● What this task involves
The records below hold pictures; please leave those out and retype the rest exactly.

● Data for processing

++++++++++++++++++++

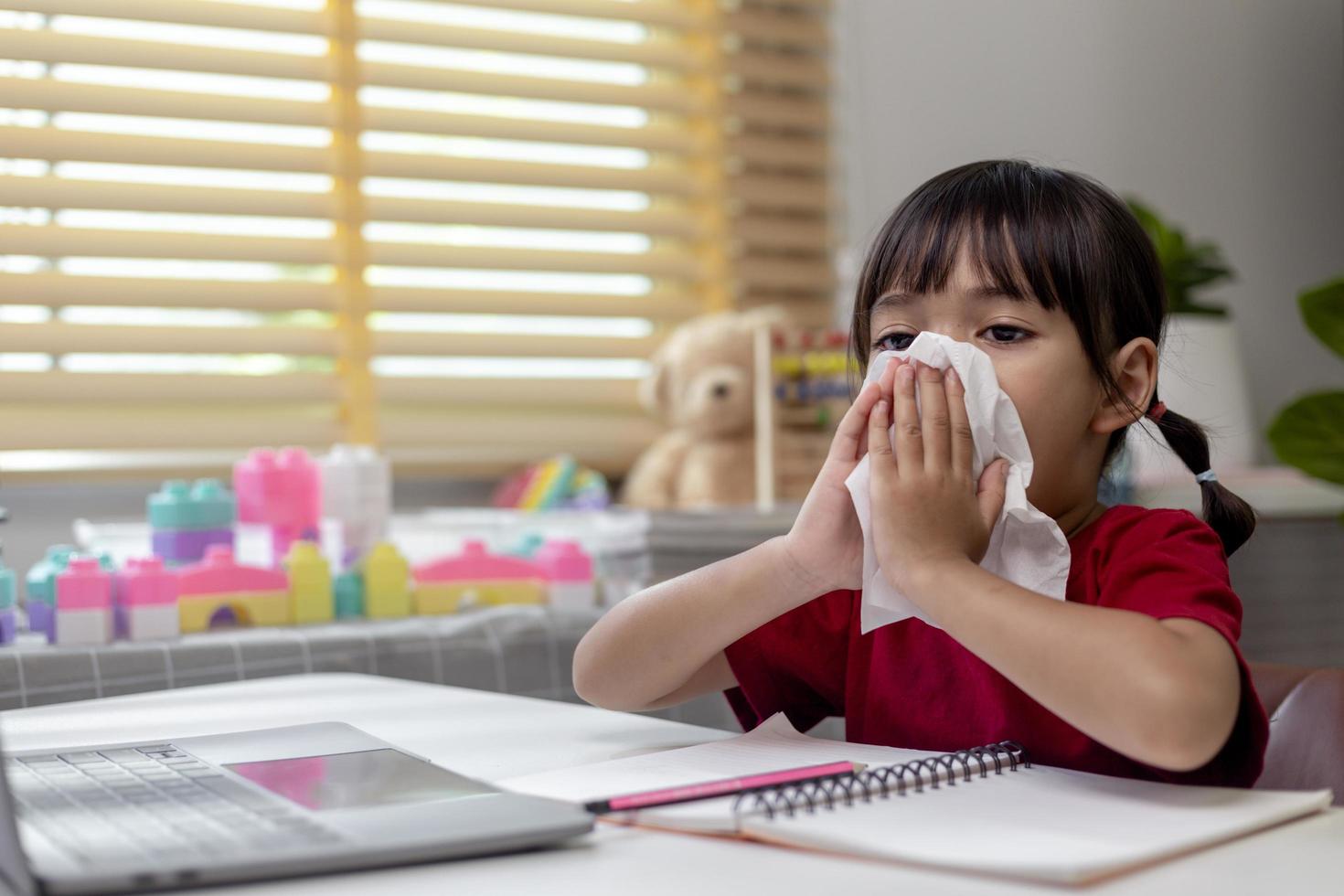 Unhealthy kid blowing nose into tissue, Child suffering from running nose or sneezing, A girl catches a cold when season change, childhood wiping nose with tissue photo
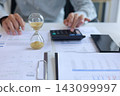 Business accountant reviewing financial charts and data performance in office with hourglass on desk. Time management and financial analysis concept. 143099997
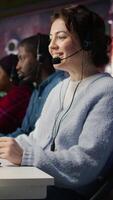 Vertical Friendly call center employee talking in audio headset, assisting customers in office. Happy customer support operator communicating with clients during telephone call, camera B close up video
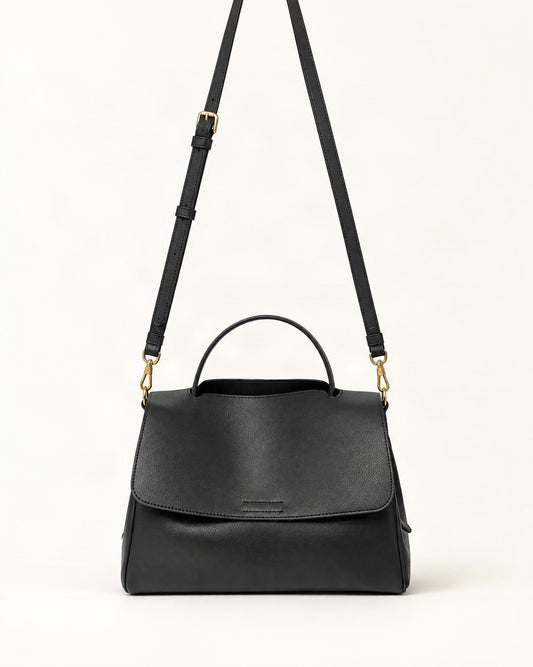 Cowhide Leather Mini Top-Handle Crossbody Bag — straight-on front view on a warm white background
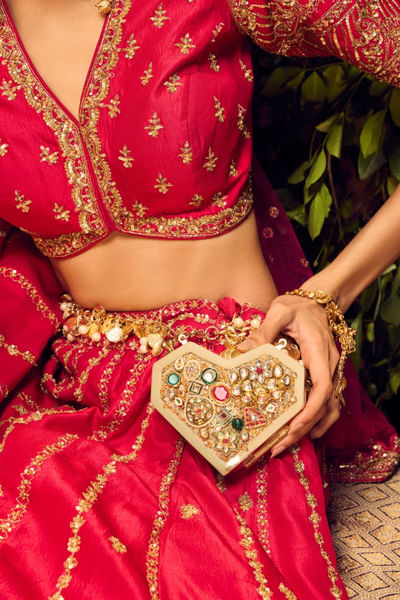 Gold polki stone embellished clutch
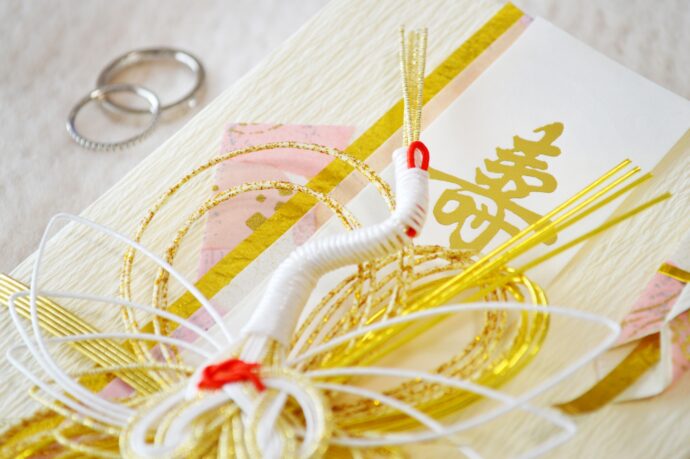 鶴を模った水引のご祝儀袋と結婚指輪の画像
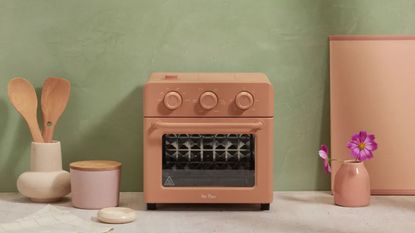A limited edition Spice color Our Place Wonder Oven in a modern kitchen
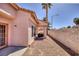 Exterior view of the home's covered patio and desert landscaping at 2699 Aldonza Dr, Henderson, NV 89014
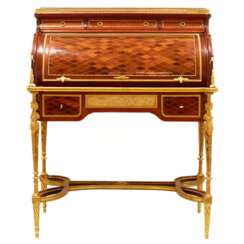 E.KAHN. A magnificent cylindrical bureau in mahogany and satin wood with gilt bronze.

++++++++++++++++++++

● Written response
 Unhealthy kid blowing nose into tissue, Child suffering from running nose or sneezing, A girl catches a cold when season change, childhood wiping nose with tissue photo
 Business accountant reviewing financial charts and data performance in office with hourglass on desk. Time management and financial analysis concept. 143099997
 Vertical Friendly call center employee talking in audio headset, assisting customers in office. Happy customer support operator communicating with clients during telephone call, camera B close up video
 Cowhide Leather Mini Top-Handle Crossbody Bag — straight-on front view on a warm white background
 Gold polki stone embellished clutch
 鶴を模った水引のご祝儀袋と結婚指輪の画像
A limited edition Spice color Our Place Wonder Oven in a modern kitchen
 Exterior view of the home's covered patio and desert landscaping at 2699 Aldonza Dr, Henderson, NV 89014
 E.KAHN. A magnificent cylindrical bureau in mahogany and satin wood with gilt bronze.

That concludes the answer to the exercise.